My number one tip is: kill maybe.

When I coach an artist client I listen for how strongly he says yes and no and how often he gets trapped in maybe. What does being trapped in maybe sound like? “Which will be your painting days this week?” “Maybe I can get in some painting on Tuesday and Thursday.” “Will you approach some galleries on your trip to New York?” “Maybe if I have a little time left over after the family obligations.” “When are you planning on moving to the larger format paintings we discussed?” “Maybe if I can find some cheaper canvas.” And so on.

If a client can break free of the maybe trap startling growth can occur. After two phone coaching sessions, a famous singer-songwriter on the verge of refusing to go into the studio to record his new album switched his mind from “Maybe I need more time to prepare” to “Yes, I can record right now.” A painter made the movement from “maybe I can afford a model now and then” to “I can’t afford not to hire models!” and with that new yes came a burst of creative effort. Both in our personal and our creative lives, good things happen when we champion yes.

Why then do we so often say maybe rather than yes? For all the obvious reasons, including the fact that, even when we say yes, there is no guarantee that our work will turn out well. Yes is just a starting point, not a conclusion. After the yes comes the work, with its successes and failures, elations and letdowns. Yes is not pure deliciousness but only the opening without which good things can’t happen. If unfortunate things regularly happen—if we start but don’t finish a project, if we finish it but don’t like it, if we like it but can’t sell it, and so on—it has hard to say yes the next time.

Since we often get these very mixed results from saying yes, we begin to wonder if saying yes is worth the effort it provokes. Why bother? Why stretch? Why sweat? Why create? If all the work that it takes to paint a dozen paintings nets us only one we truly love and if trying to sell our output is like swimming against the tide, why say yes? Why not stay in maybe, which doesn’t get us what we want but at least avoids some anguish? Why not take an easier path?

Well, we know why. Each of us knows why we shouldn’t hang out in maybe. Maybe is a state that puts us right on the verge of meaninglessness. Maybe plays to our weaknesses, our anxieties, and our doubts. Maybe annoys us, frustrates us, and disappoints us. Still we regularly get trapped there because of our everyday resistance to mustering our inner resources, pulling ourselves by the collar in the direction of some hard creative work, sticking with that work even in the face of inevitable messes, and then doing something with that finished work other than putting it in a drawer or the attic. That is a lot to say yes too, especially if our goal is to say yes regularly, day in and day out, and not just on good days or in good weather.
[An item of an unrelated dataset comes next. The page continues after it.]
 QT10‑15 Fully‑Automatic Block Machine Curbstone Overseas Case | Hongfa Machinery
One of the problems is that if we say yes only infrequently, we forget what it sounds like. What does yes sound like? Like the following, from Louise Nevelson: “I get up at six in the morning. I wear cotton clothes so that I can sleep in them or I can work in them—I don’t want to waste time. Sometimes I work two or three days without sleeping and without paying attention to food.” Is this a little obsessive and manic? No doubt. Is this a bit out of the ordinary? Absolutely. Is this more the exception than the rule? You bet. And is this the very definition of yes? I think so.
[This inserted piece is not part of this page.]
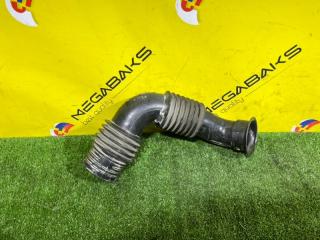 Патрубок воздушного фильтра TOYOTA PROBOX NCP50 2NZ-FE 17751-21180 2 ракурс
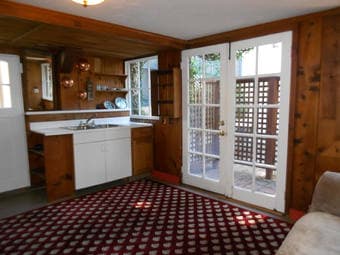 COTTAGE IN MENLO PARK IN LOVELY NEIGHBORHOOD 1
Listen to yourself this week. When you say something that sounds suspiciously like maybe, stop yourself. If, for example, you hear yourself say, “I’m pretty tired today so maybe I’ll paint tomorrow,” exclaim, “Die, maybe!” Champion yes instead. Say, “I will paint today!” If you hear yourself say, “I don’t think there’s enough light left to paint, so maybe I’ll paint tomorrow,” exclaim, “Die, maybe!” Say, “Let me use this last light!” Every yes of this sort is a passionate call to action: kill maybe and get on with your work.

Kill maybe. Say no to your work when you want to take your daughter to the museum or bring your mother a rose. It is fine to say no when you intend to say it. Say yes to the work often, every day or as frequently as you can. Never say maybe—turn every maybe into an appropriate no or a vibrant yes. Of these three words, yes, no, and maybe, two are brilliant and one is the kiss of death.